23 Ekim 2012 Salı

Türkiye’nin Yenilenen Suriye Politikası



Savaş lobilerinin Ankara ile Şam’ın savaşacağı yönünde beklentileri sona ermedi. Bu beklentilere karşın Türkiye, Suriye politikasını adım adım yenilemeye başladı. Şam ile diyaloğun dışlandığı ve askeri çözümün giderek daha fazla gündeme geldiği bir ortamdan çıkılmaya başlandı. Artık, hem Şam ile orta yol bulunmaya çalışılıyor hem Şam’a destek veren ülkelerle diyalog arttırılmaya çalışılıyor hem de Türkiye’ye sığınan Suriyelilerin sorunları ile ilgileniliyor. Böylece, kimsenin tam isteğinin olamayacağı ama herkesin memnun edilebileceği bir ara çözüm arayışı çabaları yavaş yavaş artmaya başlamıştır.

Söz konusu adımlar çerçevesinde Hatay’dan Özgür Suriye Ordusu’nun komuta merkezi çıkartıldı ve Suriye içine taşındı. Sığınmacılara sınırlar kapatıldı. BM ve Arap Ligi Suriye Özel Temsilcisi Ahdar El İbrahimi’ye tam destek verildi. Şam rejimi içinden bir isim olan Cumhurbaşkanı Yardımcısı Faruk Şara Suriye’de geçiş hükümetinin lideri olarak önerildi. Kahire’de gerçekleştirilen ve Suudi Arabistan’ın katılmadığı Türkiye, Mısır, Suudi Arabistan ve İran arasındaki dörtlü zirve farklı bir şekilde hayata geçirilmeye çalışıldı. Riyad’ın İran ile görüşmeyi reddetmesiyle tıkanan süreç, Ankara’nın girişimleriyle aşılmaya çalışıldı. Azerbaycan’da Ekonomik İşbirliği Teşkilatı’nın (ECO) Bakü Zirvesi sırasında Başbakan Erdoğan, üçlü görüşme sistemiyle ilgili olarak İran’a ”Biz burada üçlü bir sistem önerdik. Bu sistem de Türkiye-Mısır-İran böyle bir üçlü olabilir. İkinci sistem Türkiye-Rusya-İran olabilir. Üçüncü bir sistem Türkiye-Mısır-Suudi Arabistan olabilir. Buralardan alınacak neticeyle bu daha da yaygınlaştırılabilir. Bu yaygınlaştırma neticesinde de neler yapabileceğimizi daha net görebiliriz.” dedi. Ayrıca, Bakü Zirvesi sırasında Başbakan Erdoğan, Ahmedinejad ile Suriye üzerine başarılı bir görüşme gerçekleştirdi. Son olarak Dışişleri Bakanı Davutoğlu, Suriye’de taraflara Kurban Bayramı boyunca ateşkes çağrısı yaptı.

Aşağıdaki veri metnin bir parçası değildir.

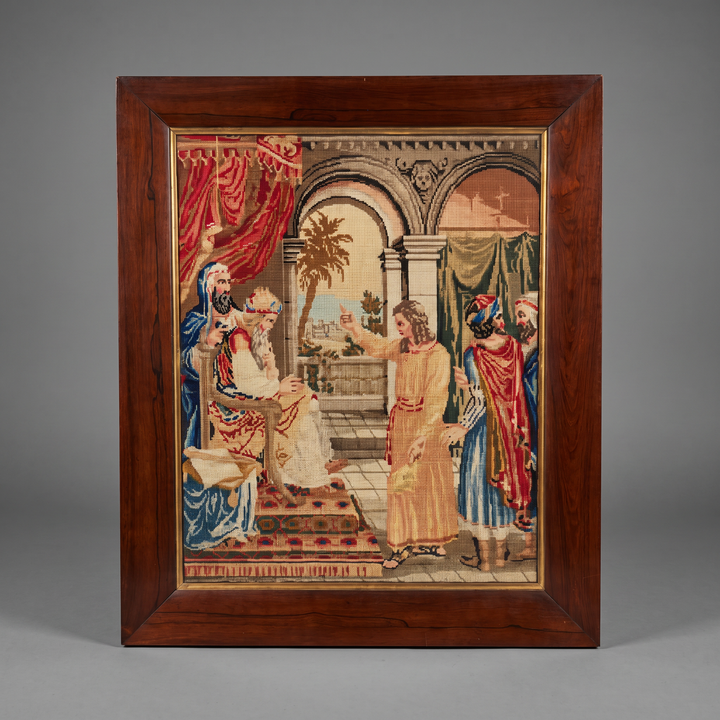 A Victorian Berlin Woolwork Depicting Joseph Interpreting Pharaoh’s Dreams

Yükseköğretim Kurulu Başkanlığı Türkiye’ye sığınan Suriye vatandaşları ile Suriye’de eğitim görmekte iken ön lisans, lisans ve yüksek lisans eğitimlerine ara vermek zorunda kalan Türk vatandaşı öğrencilerin 2012-2013 eğitim öğretim yılına mahsus olmak üzere Gaziantep, Kilis 7 Aralık, Harran (Şanlıurfa,) Mustafa Kemal (Hatay), Osmaniye Korkut Ata, Çukurova (Adana) ve Mersin Üniversitelerinde özel öğrenci olarak ders alabilmelerine, öğrencilerin durumlarını belirten belgeleri olmaları halinde bu belgelerin incelenerek, belgelerinin olmaması halinde ise beyanları dikkate alınarak özel öğrenci olarak ders almalarının sağlanmasına karar verdi.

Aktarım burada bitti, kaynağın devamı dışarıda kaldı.